Stored items:
----------------

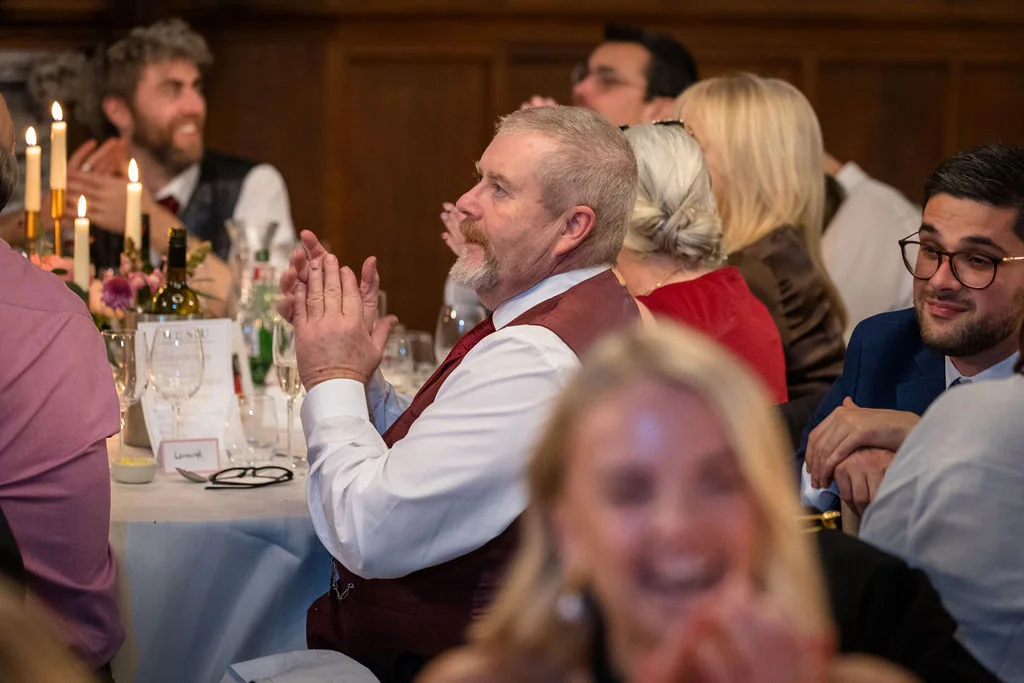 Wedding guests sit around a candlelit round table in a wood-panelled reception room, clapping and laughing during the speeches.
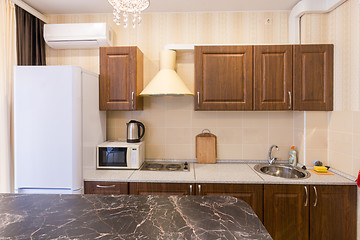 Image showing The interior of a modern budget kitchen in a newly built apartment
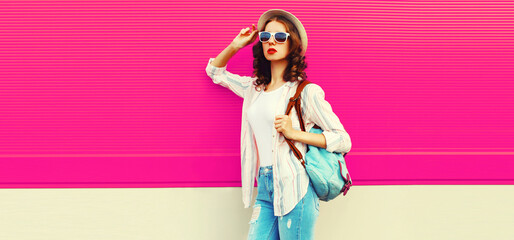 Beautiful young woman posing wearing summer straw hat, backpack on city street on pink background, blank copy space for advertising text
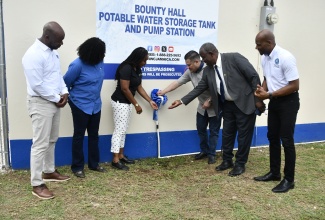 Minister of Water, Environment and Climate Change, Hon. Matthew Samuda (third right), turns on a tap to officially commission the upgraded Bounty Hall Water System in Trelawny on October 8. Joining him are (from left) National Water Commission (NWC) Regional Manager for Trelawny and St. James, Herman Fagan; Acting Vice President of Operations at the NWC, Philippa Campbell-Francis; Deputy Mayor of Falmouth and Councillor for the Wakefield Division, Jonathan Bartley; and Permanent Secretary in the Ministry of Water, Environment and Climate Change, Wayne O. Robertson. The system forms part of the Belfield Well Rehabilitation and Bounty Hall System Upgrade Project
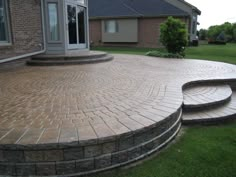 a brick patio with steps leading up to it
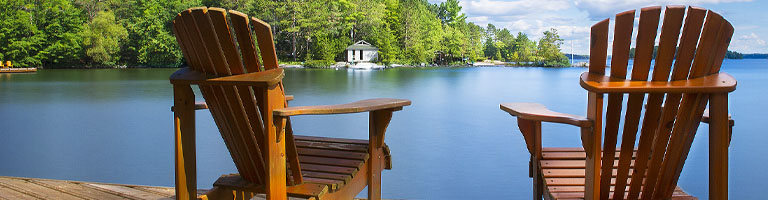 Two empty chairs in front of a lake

----------------

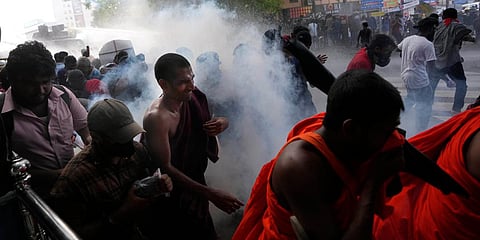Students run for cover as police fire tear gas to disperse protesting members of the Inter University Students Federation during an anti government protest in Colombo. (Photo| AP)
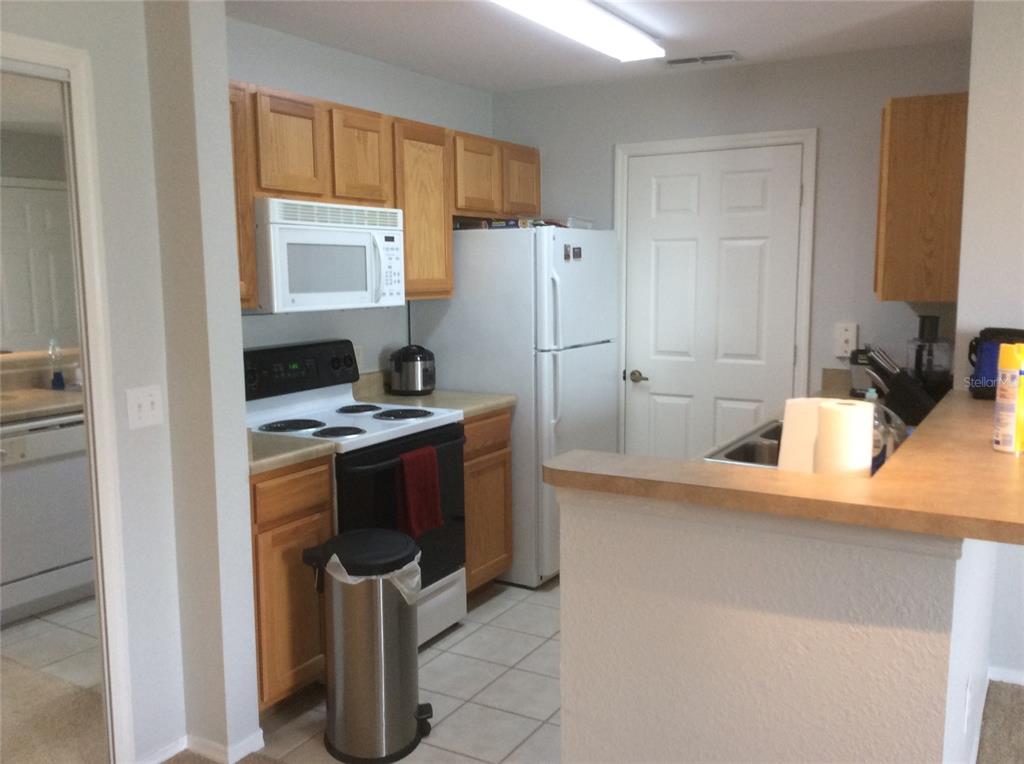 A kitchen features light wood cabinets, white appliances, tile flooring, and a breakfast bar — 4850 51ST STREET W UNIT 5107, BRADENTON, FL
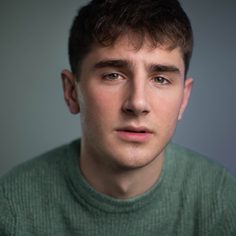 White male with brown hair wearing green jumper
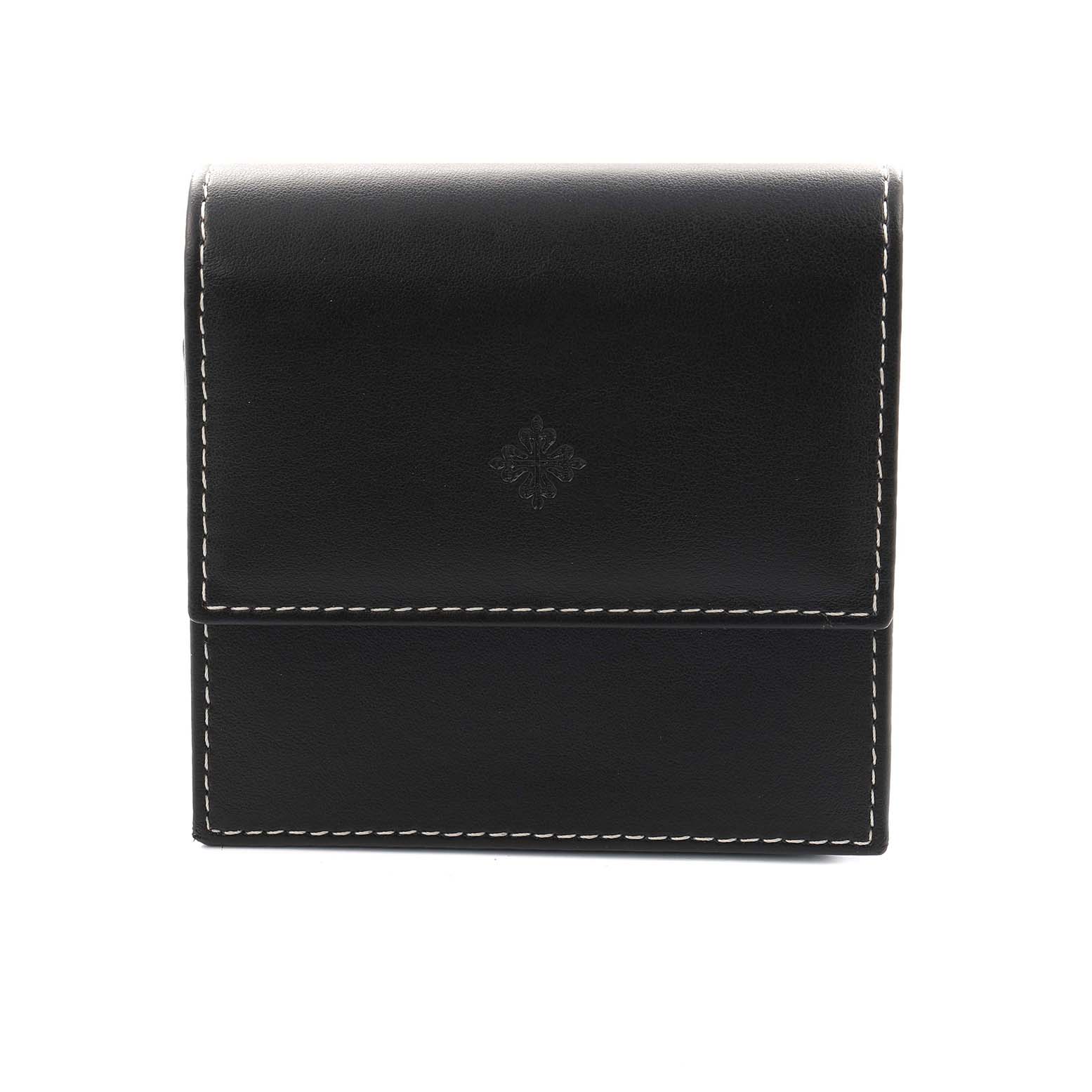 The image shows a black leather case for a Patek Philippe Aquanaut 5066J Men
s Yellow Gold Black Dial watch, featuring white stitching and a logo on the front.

----------------

Exercise prompt:
After locating the line containing "a brick patio with steps leading up to it" in the entries above, return it and every line after it exactly, ending at the line containing "Two empty chairs in front of a lake", without pictures.

Exercise output:
 a brick patio with steps leading up to it
 Two empty chairs in front of a lake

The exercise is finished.